RECORD EXCERPTS>
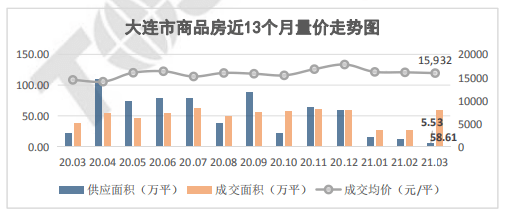 石湾gdp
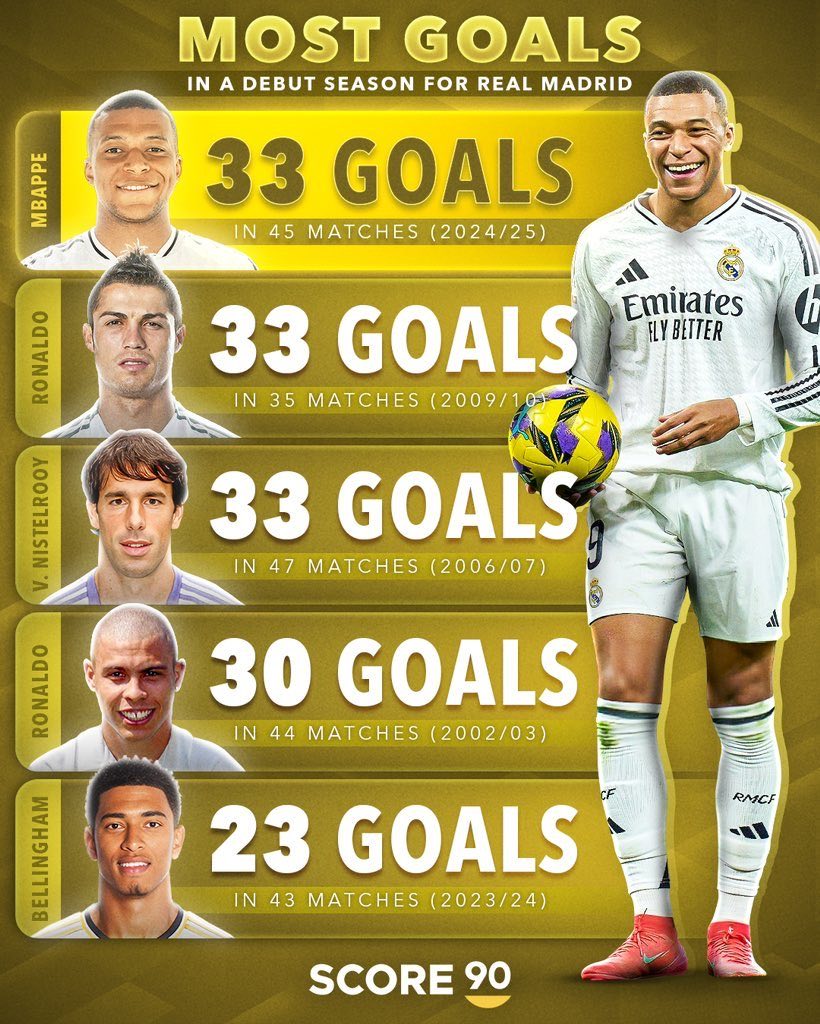 波尔图险胜皇马，姆巴佩梅开二度欧冠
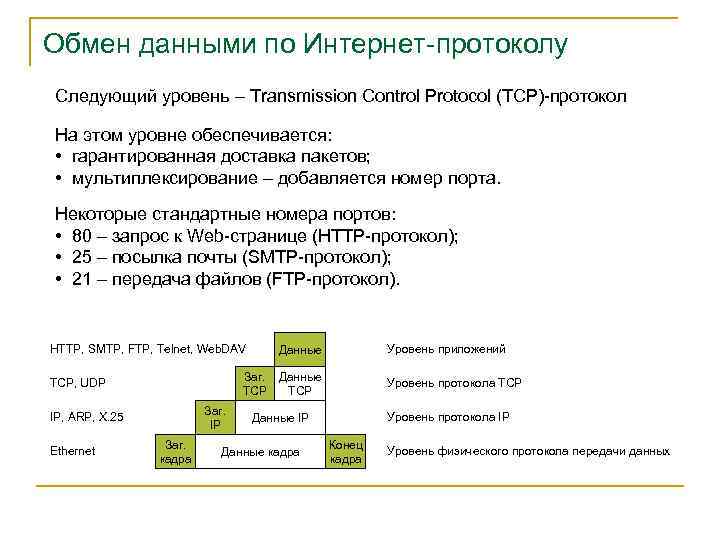 Обмен данными по Интернет-протоколу Следующий уровень – Transmission Control Protocol (TCP)-протокол На этом уровне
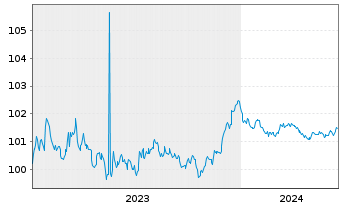 Chart RCI Banque S.A. EO-Medium-Term Nts 2023(26/26) - 5 Jahre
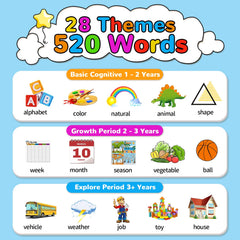 Kidz do Talking Flashcards 260 double-sided cards for broad word exposure.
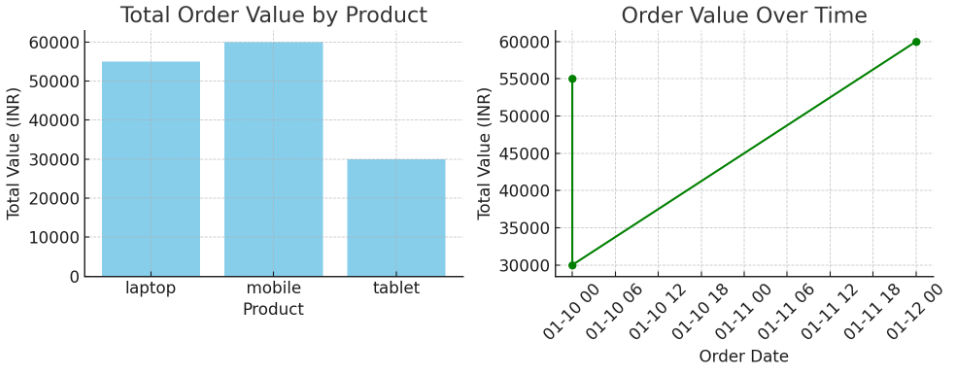 Visualizations of Final Outputs of Cleaned Data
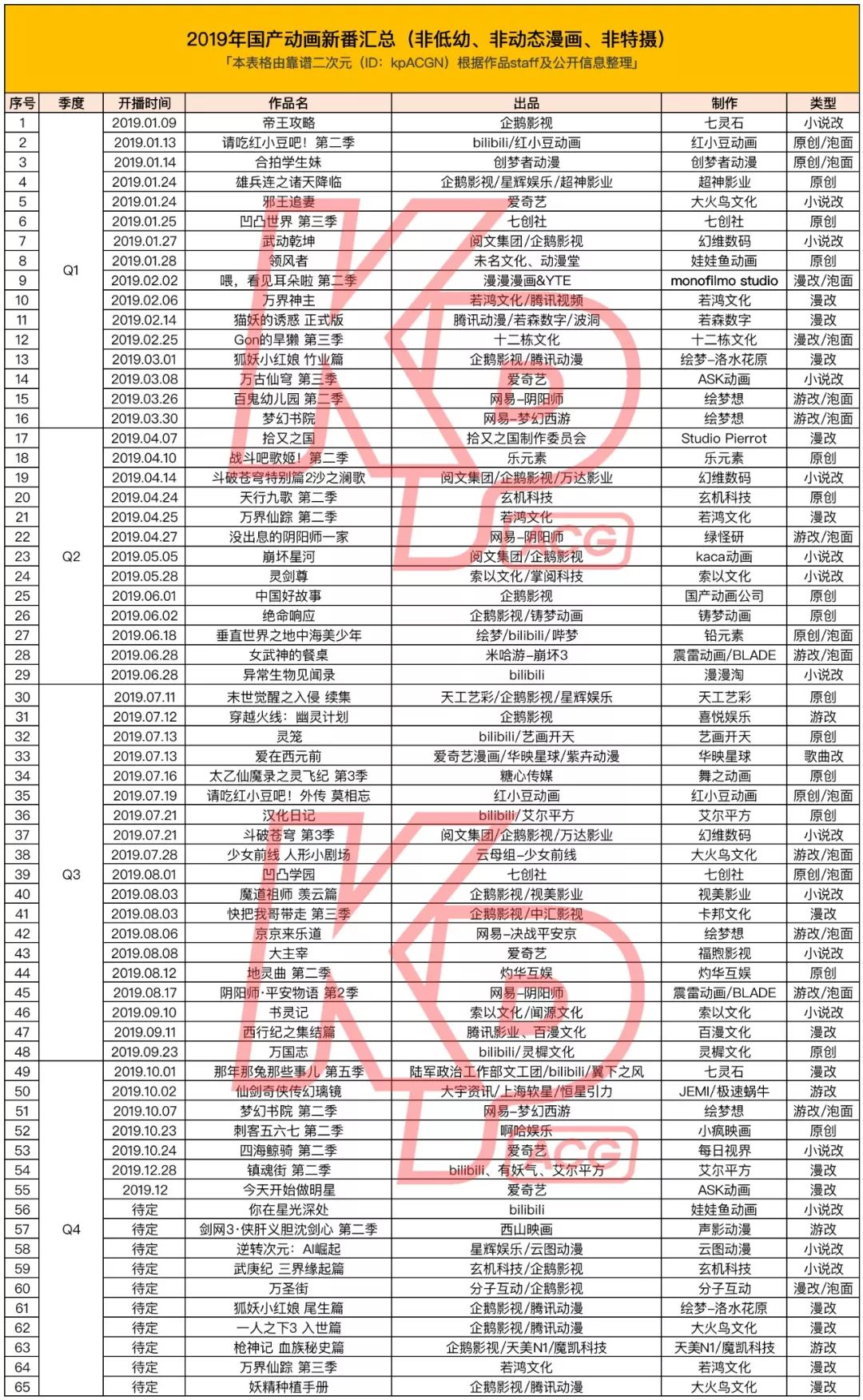 国产动画四大ip,国产动画100部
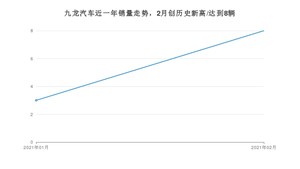 2月九龙汽车销量怎么样? 众车网权威发布(2021年)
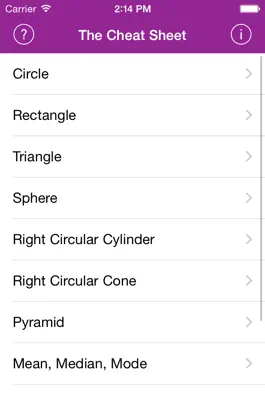 Game screenshot Geometry Cheat Sheet: PRO mod apk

PROMPT>
None of the pictures belong in the result. Print exactly the lines from the one containing "波尔图险胜皇马，姆巴佩梅开二度欧冠" through the final line of the entries.

ANSWER SPACE>
 波尔图险胜皇马，姆巴佩梅开二度欧冠
 Обмен данными по Интернет-протоколу Следующий уровень – Transmission Control Protocol (TCP)-протокол На этом уровне
 Chart RCI Banque S.A. EO-Medium-Term Nts 2023(26/26) - 5 Jahre
 Kidz do Talking Flashcards 260 double-sided cards for broad word exposure.
 Visualizations of Final Outputs of Cleaned Data
 国产动画四大ip,国产动画100部
 2月九龙汽车销量怎么样? 众车网权威发布(2021年)
 Game screenshot Geometry Cheat Sheet: PRO mod apk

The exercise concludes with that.